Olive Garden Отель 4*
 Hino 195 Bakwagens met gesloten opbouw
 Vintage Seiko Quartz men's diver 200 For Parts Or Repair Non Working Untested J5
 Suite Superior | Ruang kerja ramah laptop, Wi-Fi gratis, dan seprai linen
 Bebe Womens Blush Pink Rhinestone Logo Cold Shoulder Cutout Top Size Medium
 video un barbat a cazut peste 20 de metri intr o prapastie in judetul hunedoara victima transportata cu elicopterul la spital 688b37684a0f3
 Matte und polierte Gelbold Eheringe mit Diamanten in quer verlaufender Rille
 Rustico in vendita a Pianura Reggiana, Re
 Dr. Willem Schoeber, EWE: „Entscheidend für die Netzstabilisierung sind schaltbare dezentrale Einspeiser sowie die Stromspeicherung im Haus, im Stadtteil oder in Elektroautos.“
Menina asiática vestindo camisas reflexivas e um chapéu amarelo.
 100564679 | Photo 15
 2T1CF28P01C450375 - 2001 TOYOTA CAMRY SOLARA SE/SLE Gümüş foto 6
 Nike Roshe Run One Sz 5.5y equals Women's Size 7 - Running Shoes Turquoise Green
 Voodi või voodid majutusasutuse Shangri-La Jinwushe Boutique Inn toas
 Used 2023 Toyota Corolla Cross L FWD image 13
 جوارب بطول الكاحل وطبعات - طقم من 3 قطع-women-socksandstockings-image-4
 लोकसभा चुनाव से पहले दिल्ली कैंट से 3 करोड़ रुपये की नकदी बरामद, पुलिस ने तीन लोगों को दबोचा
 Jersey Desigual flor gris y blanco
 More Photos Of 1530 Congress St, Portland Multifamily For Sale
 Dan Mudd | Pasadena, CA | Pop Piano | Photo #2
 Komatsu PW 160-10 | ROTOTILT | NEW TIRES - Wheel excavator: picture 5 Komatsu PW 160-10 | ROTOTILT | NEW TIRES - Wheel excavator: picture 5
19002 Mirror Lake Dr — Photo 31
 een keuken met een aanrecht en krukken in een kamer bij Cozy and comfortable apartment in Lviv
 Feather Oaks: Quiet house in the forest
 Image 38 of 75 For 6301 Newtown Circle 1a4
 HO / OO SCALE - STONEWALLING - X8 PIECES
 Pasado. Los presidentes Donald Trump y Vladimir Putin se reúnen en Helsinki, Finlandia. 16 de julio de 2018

■ What is expected: Give the lines again, exactly as they stand, from the beginning of the data through the line with "جوارب بطول الكاحل".

■ Task solution:
Olive Garden Отель 4*
 Hino 195 Bakwagens met gesloten opbouw
 Vintage Seiko Quartz men's diver 200 For Parts Or Repair Non Working Untested J5
 Suite Superior | Ruang kerja ramah laptop, Wi-Fi gratis, dan seprai linen
 Bebe Womens Blush Pink Rhinestone Logo Cold Shoulder Cutout Top Size Medium
 video un barbat a cazut peste 20 de metri intr o prapastie in judetul hunedoara victima transportata cu elicopterul la spital 688b37684a0f3
 Matte und polierte Gelbold Eheringe mit Diamanten in quer verlaufender Rille
 Rustico in vendita a Pianura Reggiana, Re
 Dr. Willem Schoeber, EWE: „Entscheidend für die Netzstabilisierung sind schaltbare dezentrale Einspeiser sowie die Stromspeicherung im Haus, im Stadtteil oder in Elektroautos.“
Menina asiática vestindo camisas reflexivas e um chapéu amarelo.
 100564679 | Photo 15
 2T1CF28P01C450375 - 2001 TOYOTA CAMRY SOLARA SE/SLE Gümüş foto 6
 Nike Roshe Run One Sz 5.5y equals Women's Size 7 - Running Shoes Turquoise Green
 Voodi või voodid majutusasutuse Shangri-La Jinwushe Boutique Inn toas
 Used 2023 Toyota Corolla Cross L FWD image 13
 جوارب بطول الكاحل وطبعات - طقم من 3 قطع-women-socksandstockings-image-4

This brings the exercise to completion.